Ergänzend noch zu den Höchstwerten: Im Westen werden trotz Winddrehung auf West
immer noch 30 bis 36 Grad erreicht, die sich zudem aufgrund zunehmender Schwüle
deutlich drückender als heute im Vergleich anfühlen.

In der Nacht zum Donnerstag kommt das Höhentief bis in den Nordwesten
Deutschlands voran. Seichte KLA auf der Vorderseite deckelt weitgehend noch die
Konvektion im Osten. Trotzdem sickert auch dort zunehmend feuchte Luft ein, weil
die Konvergenz bis zum Morgen auch die Oder erreicht.

Die Gewitterschwerpunkte verlagern sich von Baden-Württemberg, dem Saarland und
Rheinland-Pfalz im Laufe der Nacht immer mehr nordwärts. Im Laufe des späteren
Abends kommen dann auch zunehmend stärkere Gewitter von Benelux in den
Nordwesten Deutschlands voran, auf der unmittelbaren Vorderseite des Höhentiefs.
Diese verclustern zunehmend zu einem mesoskaligen Komplex. Die ganz große
Labilität ist dort schon raus, so dass Hagel und Sturm von untergeordneter Rolle
sind. Bei PPWs deutlich über 40 mm dürften aber sowohl einstündiger als auch
mehrstündiger Starkregen bis in den Unwetterbereich eine Rolle spielen. ICON-D2
zeigt dies vor allem über Nordhessen, NRW und dem angrenzenden Niedersachsen.
ICON-D2-EPS liefert Unwettersignale für mehr als 40 mm binnen 12h vor allem
Richtung Bergisches Land und Sauerland.
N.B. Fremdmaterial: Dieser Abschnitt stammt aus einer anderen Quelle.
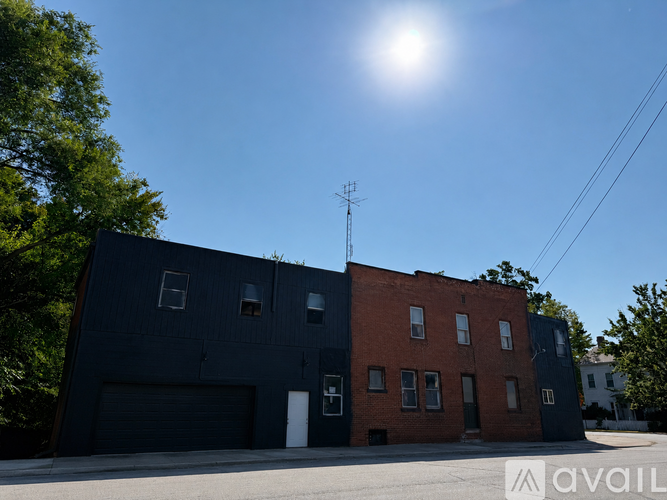 A building with a dark grey and a red section with a sun in the sky.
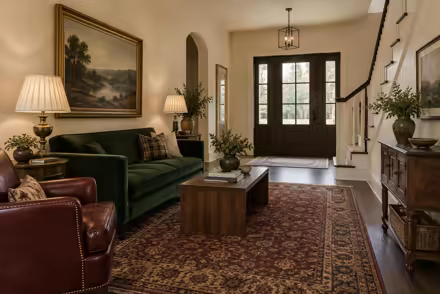 AI-generated modern heritage entryway interior design: heritage color in a home today: one deep forest-green velvet sofa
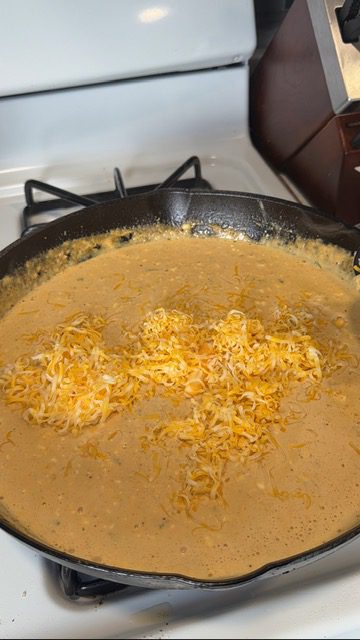 Cheese added to crack chicken pasta sauce in a cast iron skillet on the stovetop.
Externe Modelle rechnen meist mit 12h
Mengen zwischen 10 und 30 mm, lokal bis 50 mm. Von daher wird es DIE
Herausforderung sein, aus den konvektiv verstärkten Regenfälle rechtzeitig
(trotzdem wohl erst mit letzter Genauigkeit im Nowcasting) die lokalen Maxima
herauszuarbeiten.

Auch in dieser Region dürfte die Freude über den Regen die potentiellen
Unwettergefahren überwiegen. Die Temperatur verbleibt im Osten teils noch über
20°C, meist geht sie auf 19 bis 15°C zurück, im Westen auch darunter.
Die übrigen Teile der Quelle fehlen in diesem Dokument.